100 Years of African-American Special Agents: Linda Berry
Retired Special Agent Linda Berry served for 28 years in the FBI before retiring in 2004. She was the Bureau's second African-American special agent. She shared her thoughts on her career, the FBI, and the role of African Americans during events in November 2019 marking the 100-year anniversary of the first African-American special agent, James Wormley Jones.
My first experience was got to get off the plane. I think you have to ride a bus to get to Quantico. And I'm going walking down the hall with all these bags trying to find, they told me to put them in the closet, and there was a janitress, a female lady that sweeping the floor, black as a matter of fact. And she looked up and saw me coming down the hall and her first thing anybody said to me in Quantico was, you're not gone make it, none of them do. And I'm like, lady. But she was an elderly lady, so I didn't want to say anything to her. I just smiled and kept going. But I was angry. It's like, how dare you tell me I can't make it here. Why not? What's the big deal? I mean there are people that do make it, why not me?
But that was just the environment: take care of yourself, learn how to do things, go to the end, don't give up. I mean there's just all these things that were coming at you. And I think for me at the Academy, you learn some things about yourself that were never asked of you that you couldn't and can do. I think that's what kept me motivated to continue going and doing things. You just go and do things that you, you've never actually been asked to do before. So how do you know you can't do it?

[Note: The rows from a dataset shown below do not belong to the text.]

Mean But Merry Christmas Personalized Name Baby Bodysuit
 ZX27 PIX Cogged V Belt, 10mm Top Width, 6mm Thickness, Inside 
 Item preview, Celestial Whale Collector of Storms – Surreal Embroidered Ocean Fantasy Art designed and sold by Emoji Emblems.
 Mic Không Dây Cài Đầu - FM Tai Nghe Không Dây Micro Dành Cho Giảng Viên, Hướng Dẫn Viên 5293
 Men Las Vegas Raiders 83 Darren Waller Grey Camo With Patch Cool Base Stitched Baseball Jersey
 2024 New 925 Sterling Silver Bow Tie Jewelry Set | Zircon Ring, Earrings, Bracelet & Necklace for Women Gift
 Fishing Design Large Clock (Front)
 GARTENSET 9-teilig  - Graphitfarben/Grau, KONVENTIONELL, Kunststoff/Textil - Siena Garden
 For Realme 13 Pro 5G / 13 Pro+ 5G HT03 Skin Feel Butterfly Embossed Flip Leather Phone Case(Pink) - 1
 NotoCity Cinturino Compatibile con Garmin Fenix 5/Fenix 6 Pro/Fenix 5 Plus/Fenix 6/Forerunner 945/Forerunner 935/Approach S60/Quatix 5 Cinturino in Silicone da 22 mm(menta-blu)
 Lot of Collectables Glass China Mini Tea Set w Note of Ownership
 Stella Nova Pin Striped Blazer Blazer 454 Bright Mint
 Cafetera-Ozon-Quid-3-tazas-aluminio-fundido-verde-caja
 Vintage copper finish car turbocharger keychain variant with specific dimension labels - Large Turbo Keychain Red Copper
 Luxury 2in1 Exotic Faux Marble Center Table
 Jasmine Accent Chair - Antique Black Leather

I had no idea that we had been agents for 100 years. It's a tremendous milestone for everybody to try and step into the footsteps of those who came before me, those who come after us, proud. Of course, most of us got into the FBI not even knowing. I had no idea that I was just the second female, none whatsoever. But then when you find out these things, then you know you have a special job to do and that is to maintain integrity, to really work hard to make the FBI proud of you. And not only your other brothers and sisters, the other people that you work with to join into that loyalty team and it's a tremendous thing to be around for 100 years and really be devoted, be looked up to, be honored, and no smears. That's the basic thing. Really just great agents.